Items listed in a dataset:
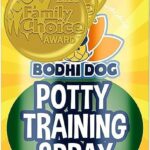 Bodhi Dog Potty Training Spray - Puppy & Dog Training Aid for Indoor & Outdoor Attractant Spray Use - Encourages Proper Dog Pee Here Habits - Safe for Pets & Home - Made in The USA (8 Fl Oz)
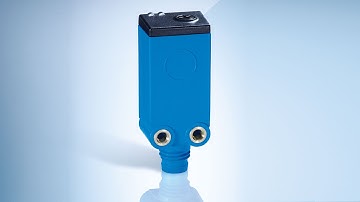 CQ4 capacitive proximity sensor from SICK: filling level control and object detection | SICK AG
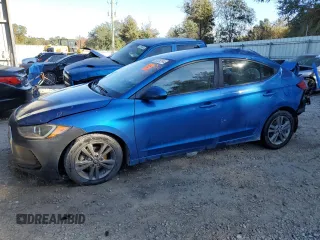 2018 Hyundai Elantra SEL z VIN 5NPD84LF1JH264429, wystawiony jako Copart lot #83362944 z przebiegiem 195 148 mil mil oraz Nie do naprawy • Non repairable. Historia ofert i sprzedaży dostępna na DreamBid. Obrazek 1.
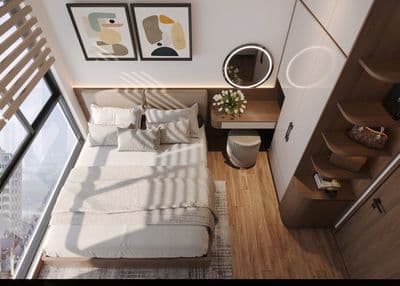 CHO THUÊ CĂN HỘ 2 PHÒNG NGỦ CAO CẤP – VISTA RESIDENCE ĐÀ NẴNG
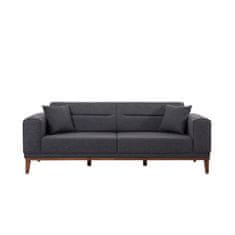 Atelier Del Sofa 3-místná pohovka Liones 33 - Anthracite, Antracitová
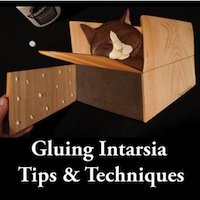 Gluing Intarsia Tips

**What the exercise asks**
Write the lines from the one with "CQ4 capacitive proximity" through the last line of the entries out again exactly, both ends included, and skip the pictures.

**Answer to the exercise**
 CQ4 capacitive proximity sensor from SICK: filling level control and object detection | SICK AG
 2018 Hyundai Elantra SEL z VIN 5NPD84LF1JH264429, wystawiony jako Copart lot #83362944 z przebiegiem 195 148 mil mil oraz Nie do naprawy • Non repairable. Historia ofert i sprzedaży dostępna na DreamBid. Obrazek 1.
 CHO THUÊ CĂN HỘ 2 PHÒNG NGỦ CAO CẤP – VISTA RESIDENCE ĐÀ NẴNG
 Atelier Del Sofa 3-místná pohovka Liones 33 - Anthracite, Antracitová
 Gluing Intarsia Tips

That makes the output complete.